Re: [PATCH v2] [RFC] git-p4: improve encoding handling to support inconsistent encodings

Andrew Oakley <andrew@xxxxxxxxxxxxx> · Sun, 17 Apr 2022 19:11:44 +0100

On 14/04/2022 10:57, Tao Klerks wrote:
On Wed, Apr 13, 2022 at 10:41 PM Andrew Oakley <andrew@xxxxxxxxxxxxx> wrote:

On Wed, 13 Apr 2022 06:24:29 +0000
"Tao Klerks via GitGitGadget" <gitgitgadget@xxxxxxxxx> wrote:
Make the changelist-description- and user-fullname-handling code
python-runtime-agnostic, introducing three "strategies" selectable via
config:
- 'legacy', behaving as previously under python2,
- 'strict', behaving as previously under python3, and
- 'fallback', favoring utf-8 but supporting a secondary encoding when
utf-8 decoding fails, and finally replacing remaining unmappable
bytes.

I was thinking about making the config option be a list of encodings to
try.  So the options you've given map something like this:
- "legacy" -> "raw"
- "strict" -> "utf8"
- "fallback" -> "utf8 cp1252" (or whatever is configured)

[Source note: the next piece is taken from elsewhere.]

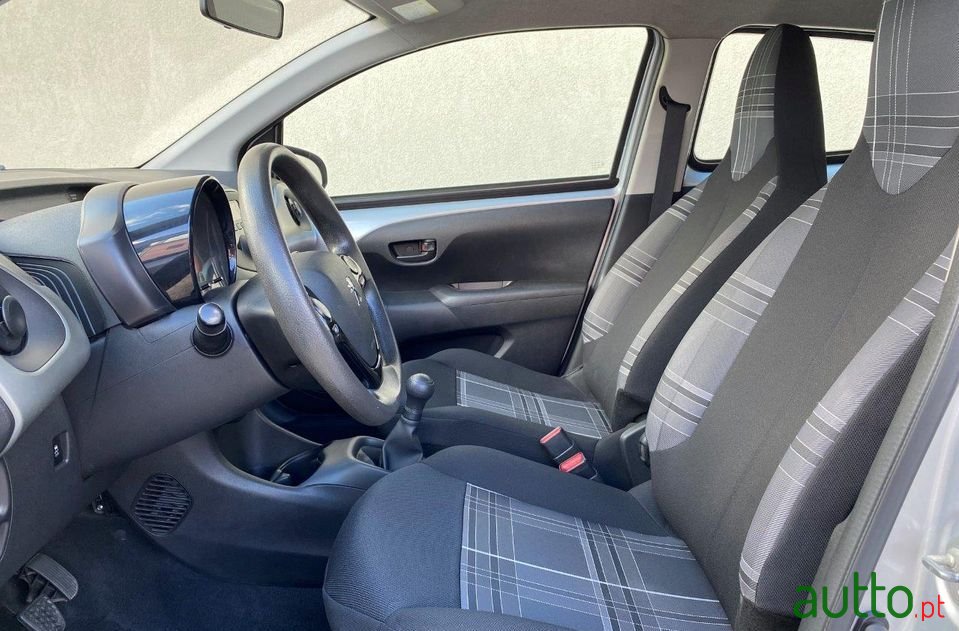 2017' Peugeot 108 photo #4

This doesn't handle the case of using a replacement character, but in
reality I suspect that fallback encoding will always be a legacy 8bit
codec anyway.

I think what you've proposed is fine too, I'm not sure what would end
up being easier to understand.

I'm not sure I understand the proposal... Specifically, I don't
understand how "raw" would work in that scheme.

In "my" current scheme, there is a big difference between "legacy" and
the other two strategies: the legacy strategy reads "raw", but also
*writes* "raw".

The other schemes read whatever encoding, and then write utf-8. In the
case of strict, that actually works out the same as "raw", as long as
the input bytes were valid utf-8 (and otherwise nothing happens
anyway). In the case of fallback, that's a completely different
behavior to legacy's read-raw write-raw.

The way I look at it is that you both read and write bytes, and you may 
attempt to decode and re-encode text on the way.  Both the decoding and 
the encoding are done in metadata_stream_to_writable_bytes, so nothing 
else needs to know about the raw option being different.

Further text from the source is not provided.